# Variation of frequency in propagation of sound

The propagation of sound waves from their source (e.g. a piano string) are measured at a certain rate of frequency. Most of the physics I have looked into regarding sound frequency treats propagation as constant, yet this doesn't seem to be a satisfactory description.

Let's assume both the source of sound and the receiver are stationary, with the sound source producing the fundamental frequency of the note A4 (440hz). Am I to believe that the 440hz tone propagates perfectly through the air into my ear? That is, the compressions and rarefractions of the air particles are oscillating exactly at the original rate of the sound source.

If there are any variations in frequency, they must be imperceptible. I cannot think of any example where frequency audibly drops over a distance (unlike amplitude). What mechanisms might effect the frequency of a sound wave during propagation? Air pressure variations? Generation of heat energy due friction between air particles? Could phonons and quantum mechanics reveal any inconsistency?

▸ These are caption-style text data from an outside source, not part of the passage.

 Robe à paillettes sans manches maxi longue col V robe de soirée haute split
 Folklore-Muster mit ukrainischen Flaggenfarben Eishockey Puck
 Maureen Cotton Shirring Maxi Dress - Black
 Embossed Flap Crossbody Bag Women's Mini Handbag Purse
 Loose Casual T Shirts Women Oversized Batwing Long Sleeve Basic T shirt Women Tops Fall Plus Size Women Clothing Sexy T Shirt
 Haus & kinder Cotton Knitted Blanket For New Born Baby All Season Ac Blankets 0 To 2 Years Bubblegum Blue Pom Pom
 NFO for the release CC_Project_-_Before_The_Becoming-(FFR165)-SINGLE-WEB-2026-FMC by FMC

Furthermore, I also very much doubt that sound sources vibrate at a constant frequency rate. Therefore, my second hunch is that there must be some very small variation in frequency over the duration A4 strings on a piano vibrate (even if we round the fundamental vibration to approximately 440hz). Again, what mechanisms might be at work here?

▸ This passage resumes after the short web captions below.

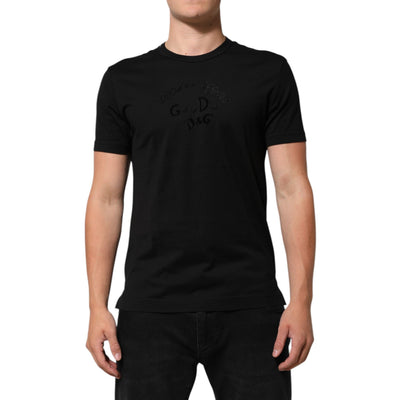 Tricou Dolce & Gabbana negru din catifea de bumbac cu imprimeu logo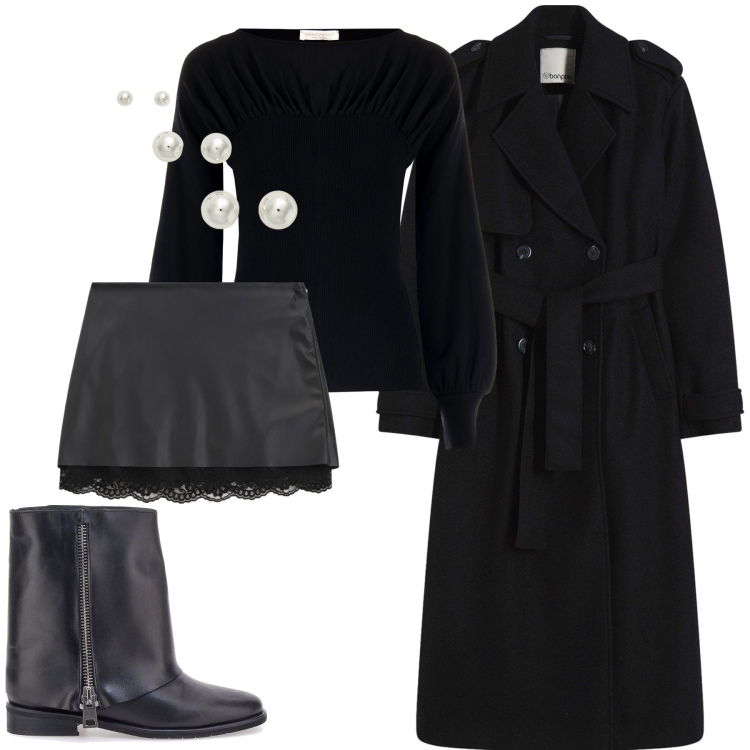 Outfit donna - Total black. Stile Casual chic per Tutti i giorni. Abbinamento con trench, maglieria, minigonne, orecchini, stivaletti.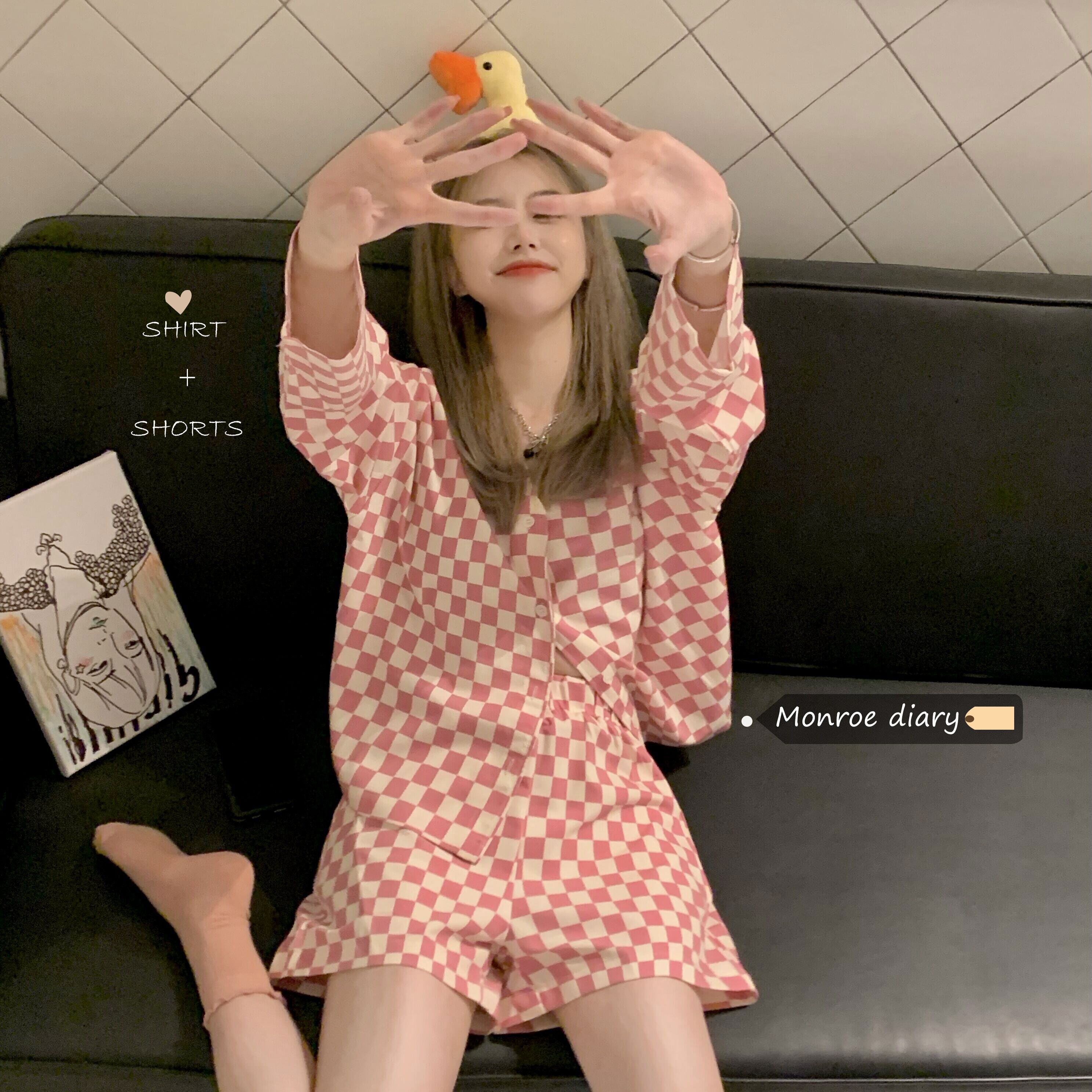 格子柄レディース薄手サマーショーツ ピンク 大人ガーリー スウィート キュート カジュアル 夏物 ブルマー モンロー32615937740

• I'm afraid this is too many questions at once. Please read e.g. en.wikipedia.org/wiki/Speed_of_sound Sound sources, and musical instruments is a separate topic, yes they might be variations of the frequency generated by musical instruments, for various reasons, depending on the instrument type. Commented May 11, 2023 at 18:43
• How is this related to quantum mechanics?
– nasu
Commented May 12, 2023 at 1:25

So, how small are sound waves? The limit is that the velocity of the air pushed by the sound wave, called the particle velocity, is much less than the sound speed. Using the equations of motion we may relate the particle velocity to the sound pressure (what we hear) and we obtain the requirement $$\frac{p}{\rho c^2} \ll 1,$$ where $$p$$ is the amplitude of the acoustic pressure wave, $$\rho$$ is the ambient mass density (1.201 kg/m$$^3$$ for standard air) and $$c$$ is the sound speed (343 m/s for standard air). Let us assume that this ratio holds well for $$p\le 0.001\rho c^2\approx 141$$ Pa. Converting this to decibels gives us about 134 dB, or about the sound of a commercial jet aircraft taking off. A piano is more likely to be around 80 dB, which corresponds to $$p/\rho c^2\approx10^{-6}$$. So, the linear approximation is extremely good for a piano, and the received frequency should be almost identical to the source frequency.